Al escuchar los disparos y los gritos, en el resto de las instalaciones de la escuela, alumnos y profesores buscaron refugio, temiendo que el o los atacantes -no tenían idea de lo que estaba pasando- fueran a dispararles también. Entre ellos, aterrorizado, se encontraba un chico de 8 años que con el tiempo se convertiría en uno de los tenistas más famosos de la historia. Se llamaba Andy Murray.

El recuerdo de Andy Murray
Andy y su hermano mayor Jamie, de 10 años, salieron físicamente ilesos de la masacre de Dunblane, pero con graves secuelas psíquicas, como muchos otros sobrevivientes. Años después, Andy contó que iba caminando hacia el gimnasio cuando empezaron a sonar los disparos y entonces, por puro reflejo, corrió hacia la oficina del director de la Escuela y se escondió debajo de una mesa.

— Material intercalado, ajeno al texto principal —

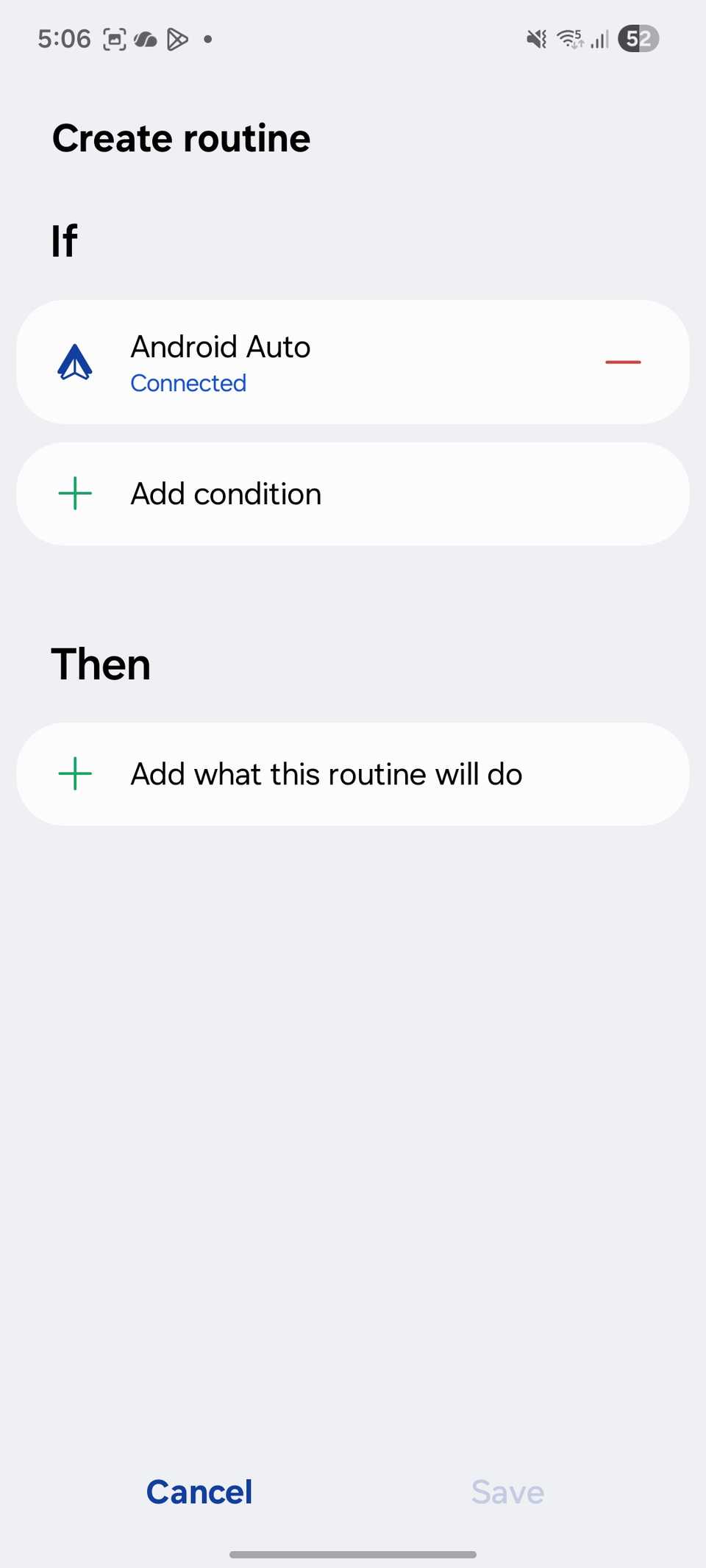 create a routine for Android Auto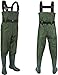 LANGXUN Chest Waders for Kids, Lightweight and Breathable PVC Fishing Waders for Toddler & Children, Waterproof Hutting Waders for Boys and Girls, Age 6/7 Little Kid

A pesar de que estuvo bajo tratamiento psicológico, no podía superar el trauma que le causó la muerte de sus compañeros de escuela, a lo que se sumó el dolor por la separación de sus padres. Paradójicamente, eso sería determinante para su carrera deportiva porque, al ver que su hijo no se recuperaba, la madre de Andy, Judy, decidió alejarlo de Dunblane y lo envió a Barcelona, donde a los 14 años el futuro número uno del mundo comenzó entrenarse en la Academia Sánchez Casal, fundada por los ex tenistas Emilio Sánchez vicario y Sergio Casal. Allí se hizo jugador profesional.
Durante años, Murray no pudo hablar de las huellas que le dejó la masacre que Hamilton perpetró en su escuela. Lo hizo recién cuando, ya un tenista consagrado, publicó su autobiografía en 2009. “Varios de mis amigos murieron, sólo tengo pequeños recuerdos de aquel día, también recuerdo que minutos antes cantamos canciones en clase”, recordó durante la presentación del libro.
También reveló que, tanto él como su familia, no solo conocían a Hamilton sino que tenían una relación bastante estrecha con el frustrado boy scout. “Lo más extraño era que conocíamos al tipo. Había estado en el coche de mi mamá. Obviamente es raro pensar que hay un asesino en tu coche, sentado al lado de tu madre. Esta es probablemente una de las razones por las que no quiero volver la vista atrás. Es tan incómodo pensar que fue alguien que conocíamos de los Boys Club... solíamos ir al club y divertirnos. El averiguar que el asesino formaba parte del club fue algo que mi cerebro no podía asimilar. Yo podría haber sido uno de esos niños”, contó.
Cuando la directora Olivia Cappuccini lo entrevistó para su documental Andy Murray: resurfacing, dejó en claro lo clave que fue el tenis para que pudiera superar el trauma que le había dejado la masacre: “Siempre me preguntan por qué el tenis es tan importante para mí. En principio, está lo que pasó en Dunblane. En los doce meses siguientes a la matanza, mis padres se separaron. Fue un momento muy difícil para nosotros, que no entendíamos muy bien lo que pasaba. Por eso, cuando jugaba al tenis, sentía que me podía escapar un poco de todos esos problemas”, explicó.